▶ _Exercise requirements_: Set the images aside and retype the whole listing exactly.

▶ _Information shown_:
.....

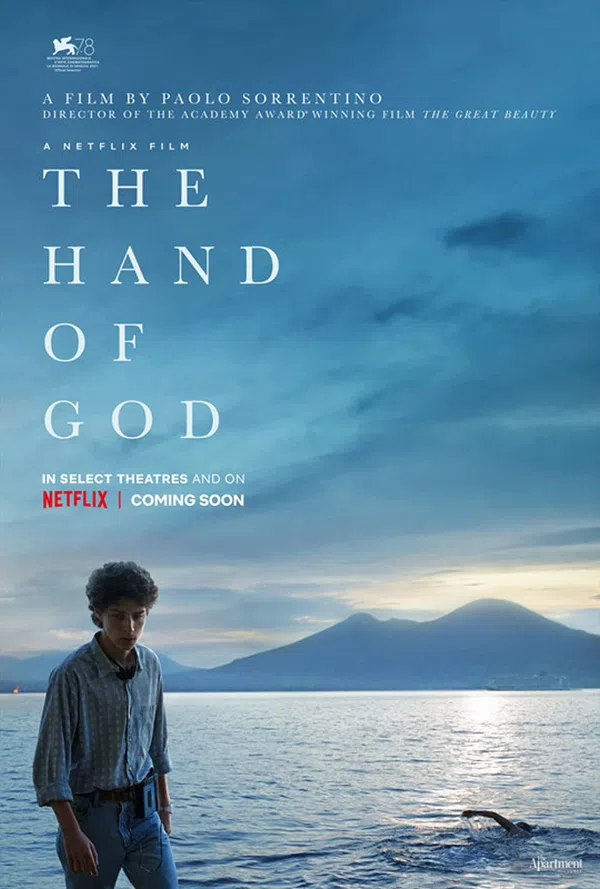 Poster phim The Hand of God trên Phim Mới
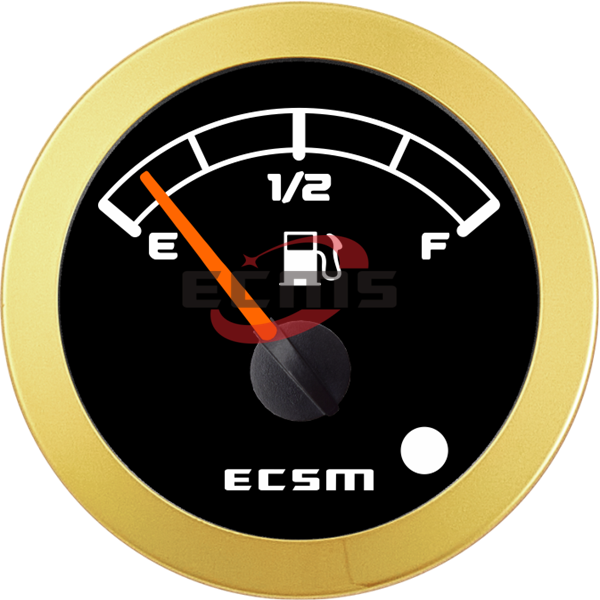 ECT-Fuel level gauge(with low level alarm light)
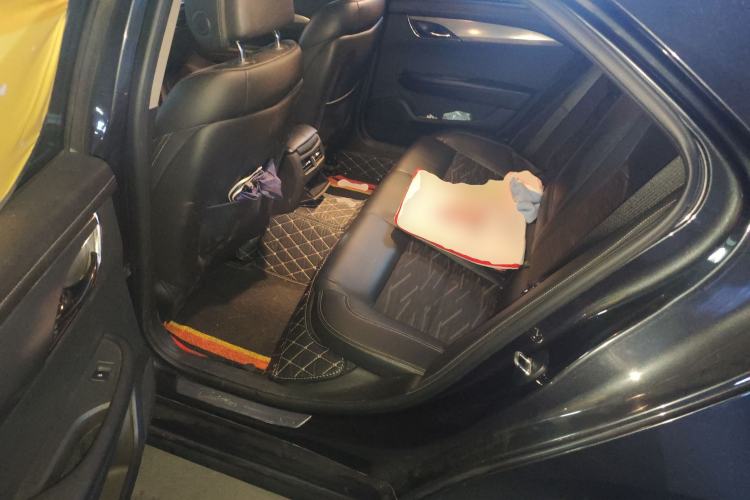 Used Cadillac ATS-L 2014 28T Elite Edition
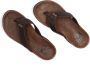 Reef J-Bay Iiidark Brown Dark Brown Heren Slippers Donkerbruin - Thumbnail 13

.....

▶ _Your response_:
 Poster phim The Hand of God trên Phim Mới
 ECT-Fuel level gauge(with low level alarm light)
 Used Cadillac ATS-L 2014 28T Elite Edition
 Reef J-Bay Iiidark Brown Dark Brown Heren Slippers Donkerbruin - Thumbnail 13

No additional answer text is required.